I, personally, have a scraggily moustache. Its a really a shameful piece of work. But, I never trim it. I never shave it. I never comb it out or condition it. Its just my moustache. When I was 12, hair started to grow on my face. I was shocked. Scared even, I didn’t like it so much. But I didn’t know what to do about it. None of my siblings has very much facial hair. I was sort of the odd man out. So it took a while for me to figure out shaving. And then it took a while for me to figure out that shaving was a mistake. I shave my moustache and I look like a duck that’s been in a bar fight. It don’t work. I did it a few times in Junior High and then gave it up forever.
You see, for me, the moustache has always been bittersweet. I never really wanted one. I always wanted a nice, full, luxurious beard. I wanted inches upon inches of hair to grow on my chin. None ever really came in. I was one of those unfortunate types who can get plenty of hair to grow UNDER his chin — but nothing on it. For a while, in High School, I had no hair on my cheeks or chin and so just rocked a sort of sad chin-strap beard. It was really, truly a sad thing to behold. All I’d ever wanted was a soul-patch and goatee — but it wasn’t mean to be, friends.
So you know what I did? I gave it up! I relinquished my hopes of ever being that cool jazzer with the sexy goatee. Without it, I was forced to find new and innovative was of being hip. It was hard, believe me. I had to deal with some residual anger about it in college when it would get cold and my friends would just grow out a beard and be done with it. If I let mine grow out? Chin-strap.

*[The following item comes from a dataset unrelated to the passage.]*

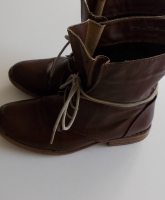 Braune Boots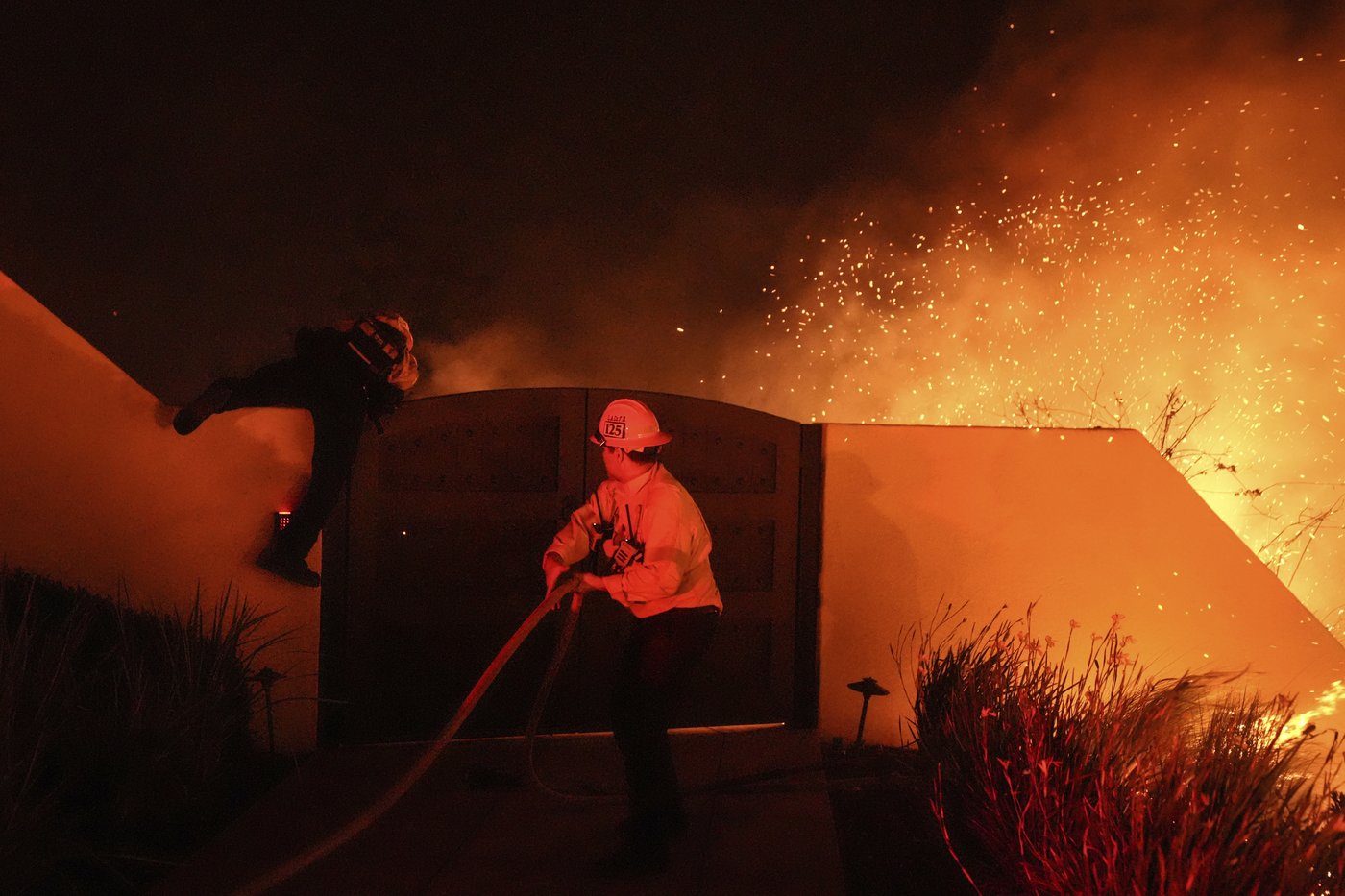 Celebrities and coastal residents flee from wind-driven wildfire in Malibu | iNFOnews.ca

Why am I telling you these things (these horrible, horrible things)? Because I want you to know that I always knew that if I could grow a beard, it’d be awesome. But I couldn’t. And that fact, as I grew to accept it, helped me to understand that some people SHOULDN’T rock a beard. Even if they can grow it out.
And so, in my early twenties I decided I’d better be sure about this moustache thing so that I wasn’t just making an ass of myself and thinking I was covering up the pummeled-duck look of my adolescence. And what did I discover? Hey — the moustache works! It really does.
So yeah — I can rock it. I’m not even 30 yet. But you can’t, friend. So stop. Is it ironic? Yes — very. But to a mature audience it draws on an irony that plumbs depths you are probably not ready to expose. (We’re not laughing with you, you know.) When you’re ready for the ’stache — you’ll know it.
Don’t jump the gun, my friends. Stand clear.